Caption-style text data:

*** Begin section ***

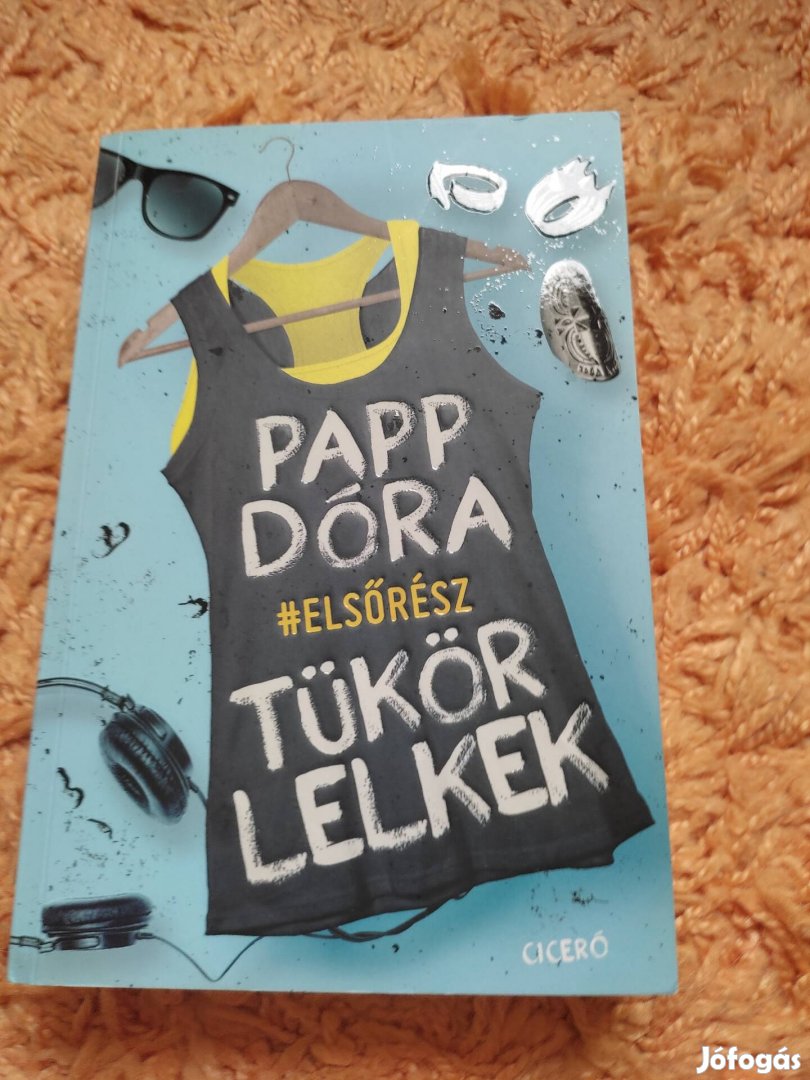 Papp Dóra Tükörlelkek 1. rész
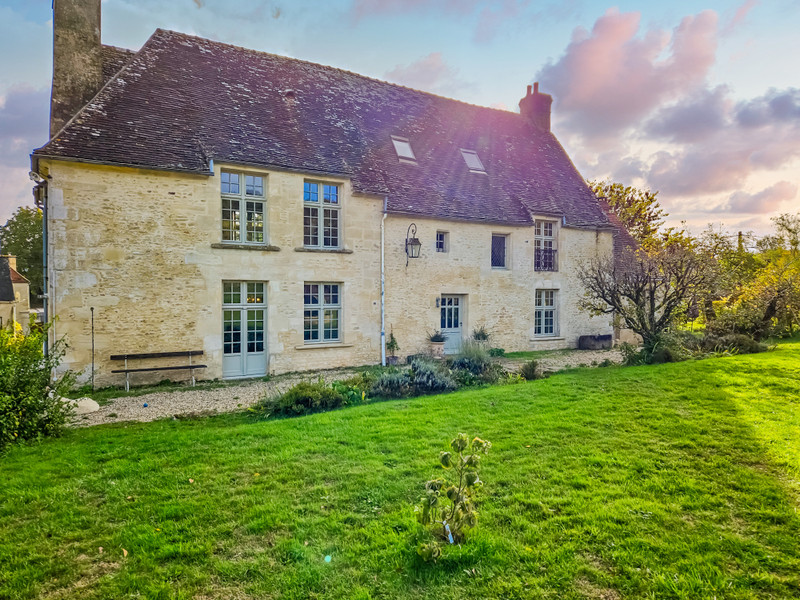 French property for sale in Gouffern en Auge, Orne - €590,000 - photo 0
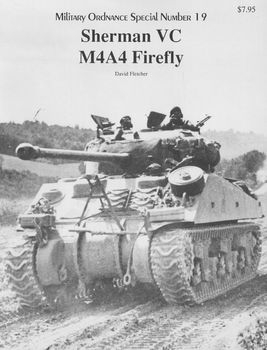 Sherman VC M4A4 Firefly (Museum Ordnance Special 19)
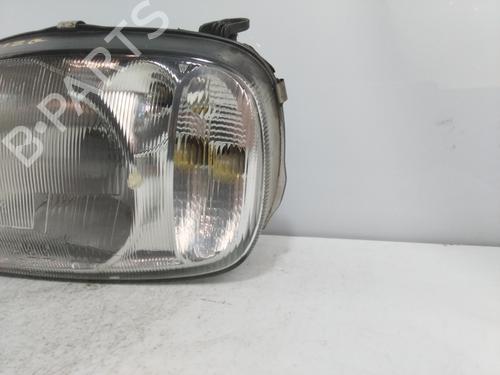 Left headlight NISSAN MICRA II (K11) 1.0 i 16V | BP18886986C28 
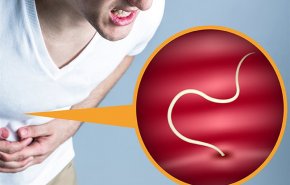 تناول هذه المواد للقضاء على ديدان البطن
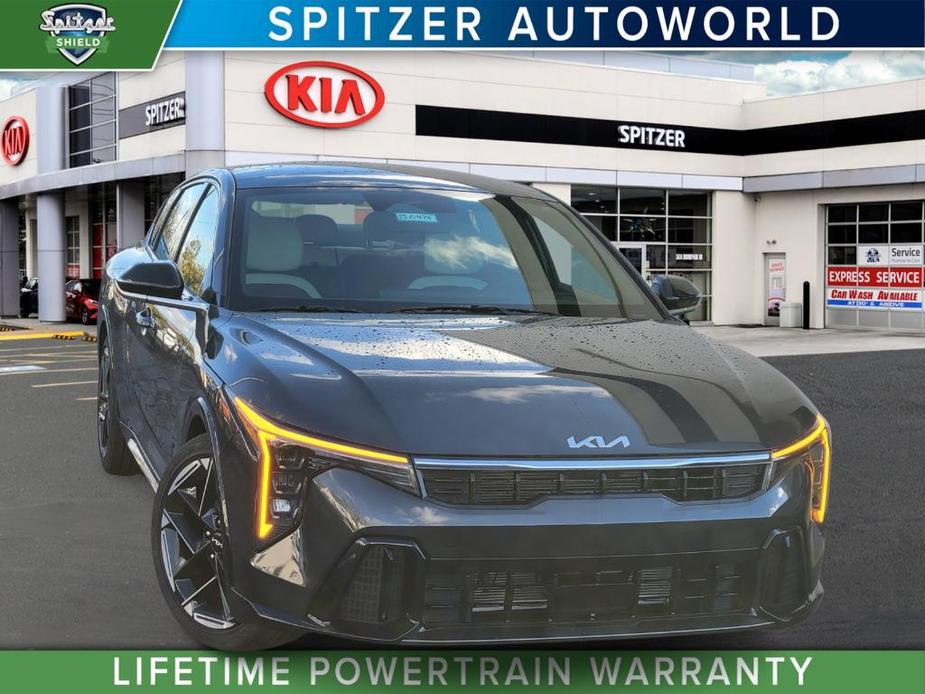 new 2025 Kia K4 car, priced at $28,345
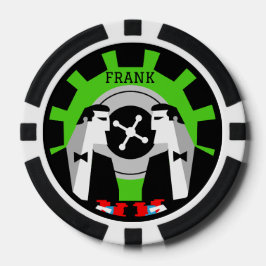 Casino Gambling Poker Roulette Pokerchips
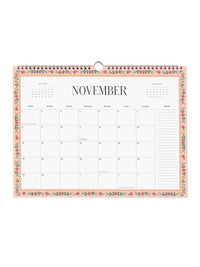 Rifle Paper Co 2026 Wildwood appointment calendar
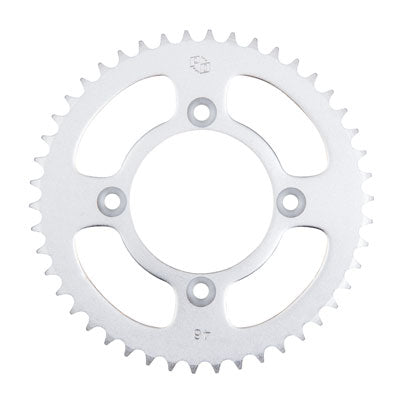 Primary Drive - CRF110 46 Tooth Rear Silver Sprocket **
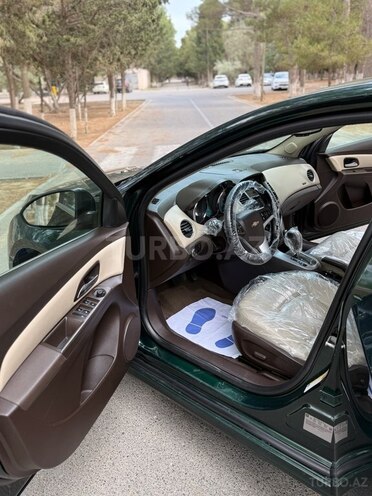 Chevrolet Cruze 2014, 221,607 km - 1.4 l - Bakı
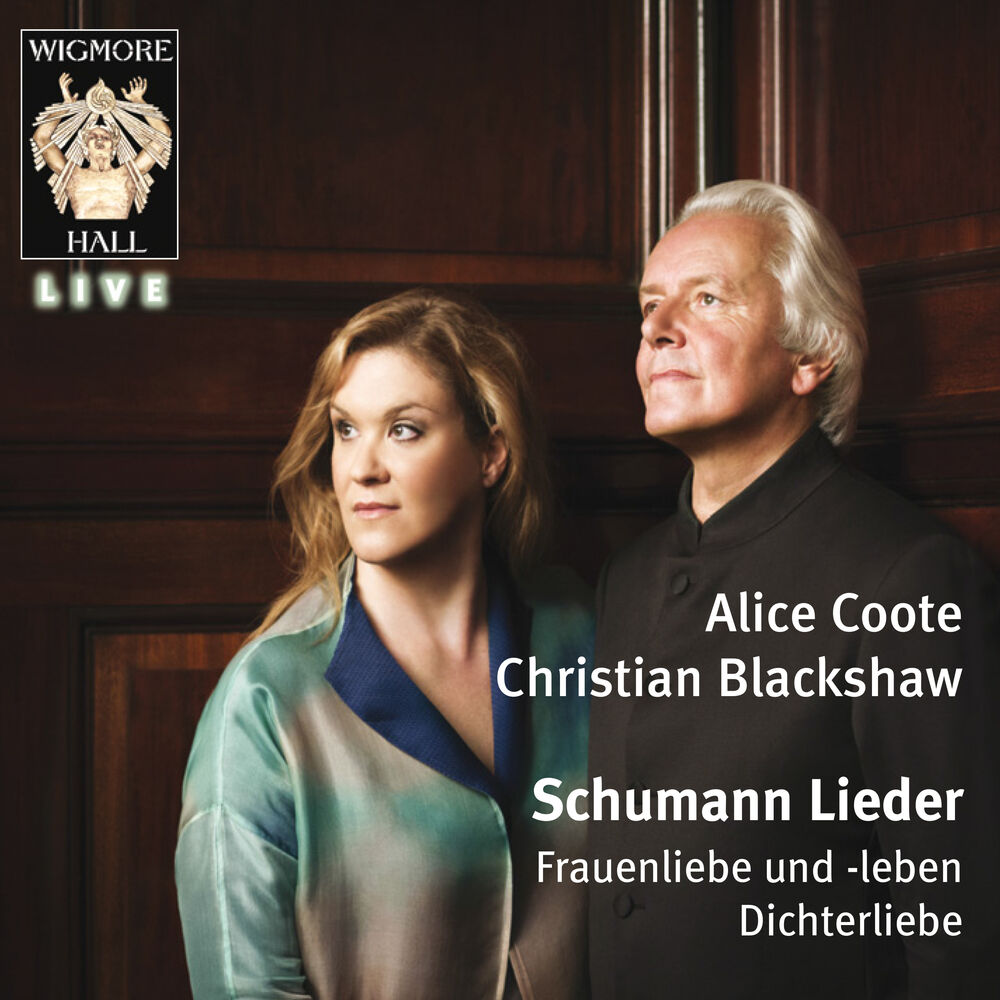 Picture of Schumann: Lieder (Wigmore Hall Live)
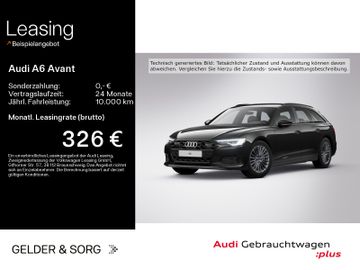 Audi Leasingangebot: Audi A6 Avant 45 TFSI advanced AHK*Matrix*Business
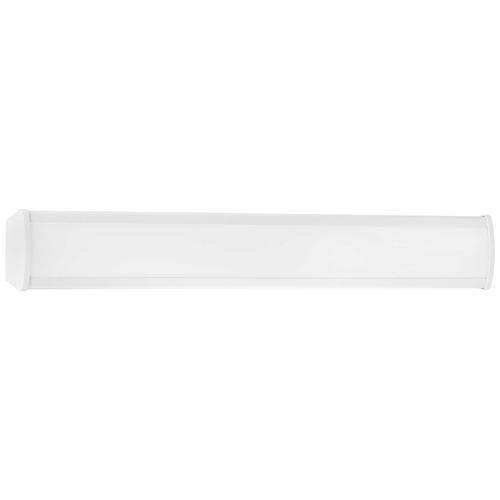 Progress Lighting LED Wraps White LED Bathroom Light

*** End section ***

→ **Exercise prompt**
Give back the records above exactly. Pictures stay out.

→ **Response**
 Papp Dóra Tükörlelkek 1. rész
 French property for sale in Gouffern en Auge, Orne - €590,000 - photo 0
 Sherman VC M4A4 Firefly (Museum Ordnance Special 19)
 Left headlight NISSAN MICRA II (K11) 1.0 i 16V | BP18886986C28 
 تناول هذه المواد للقضاء على ديدان البطن
 new 2025 Kia K4 car, priced at $28,345
 Casino Gambling Poker Roulette Pokerchips
 Rifle Paper Co 2026 Wildwood appointment calendar
 Primary Drive - CRF110 46 Tooth Rear Silver Sprocket **
 Chevrolet Cruze 2014, 221,607 km - 1.4 l - Bakı
 Picture of Schumann: Lieder (Wigmore Hall Live)
 Audi Leasingangebot: Audi A6 Avant 45 TFSI advanced AHK*Matrix*Business
 Progress Lighting LED Wraps White LED Bathroom Light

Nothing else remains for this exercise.